Chapitre 5 - Extrait

De "À peine ont-ils mis le pied" à "un peu d'eau d'une fontaine voisine."





Plan de la fiche sur le chapitre 5 de Candide de Voltaire :
Introduction
Texte du chapitre 5 (extrait étudié)
Annonce des axes
Commentaire littéraire
Conclusion


Introduction

     Le bouleversement causé par le tremblement de terre de Lisbonne en 1755 a déjà inspiré à Voltaire un poème de tonalité à la fois pathétique et indignée dans lequel il remet en cause toutes les théories optimistes.
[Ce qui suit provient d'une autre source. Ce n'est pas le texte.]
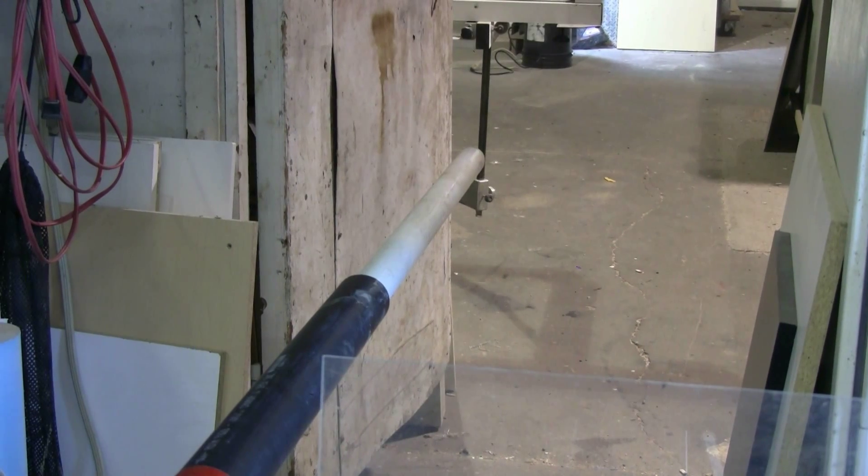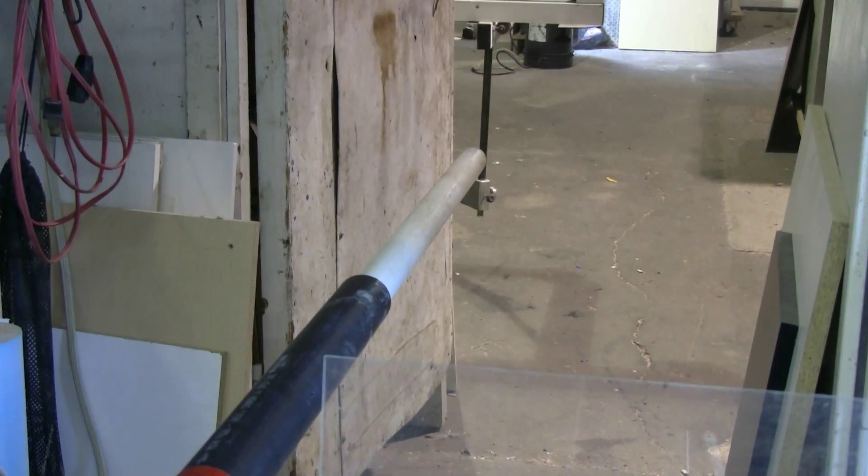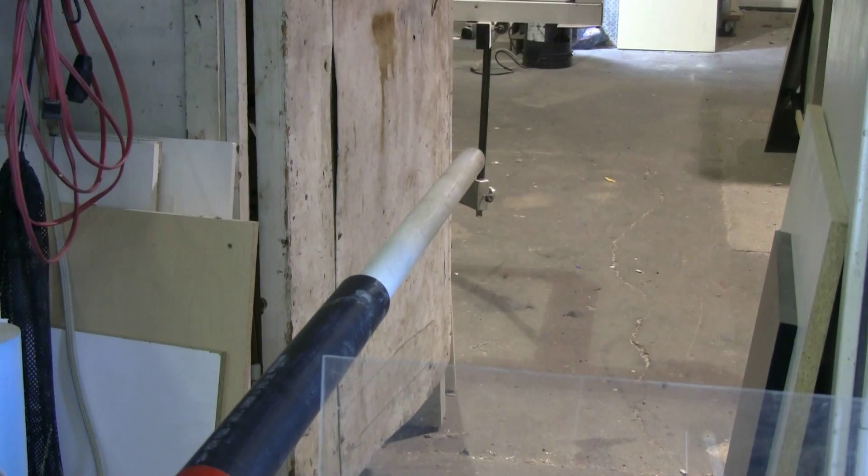I've now reloaded with an eight-foot fluorescent tube. As you can see, it sticks about two feet out of my barrel. Let's give this a try.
La rédaction de Candide lui donne l'occasion de revenir à l'événement sous une forme narrative. Très habilement, il intègre au schéma du conte un épisode portugais, précisément à cette date, ce qui lui donne un démenti supplémentaire à opposer aux optimistes. Ce démenti est d'autant plus intéressant et efficace qu'il est réel et relève d'une calamité naturelle imprévisible. Le contexte du cataclysme permet, dans le cadre du conte, de mettre en scène plusieurs personnages, Candide, Pangloss, et le matelot qui vient de tuer Jacques. Chacun est nettement individualisé : Candide cherche désespérément à comprendre comment ce monde peut être le meilleur ; Pangloss cherche dans tout événement le résultat d'une cause qu'il s'efforce de trouver ; le matelot, corrompu, profite de la situation. Ainsi, au désordre extérieur correspond un désordre moral, aggravé par l'inefficacité totale de la parole. Le conte permet en effet de présenter les personnages dans une situation qui rappelle la comédie, mais le dialogue se révèle stérile, inadapté, et ridicule.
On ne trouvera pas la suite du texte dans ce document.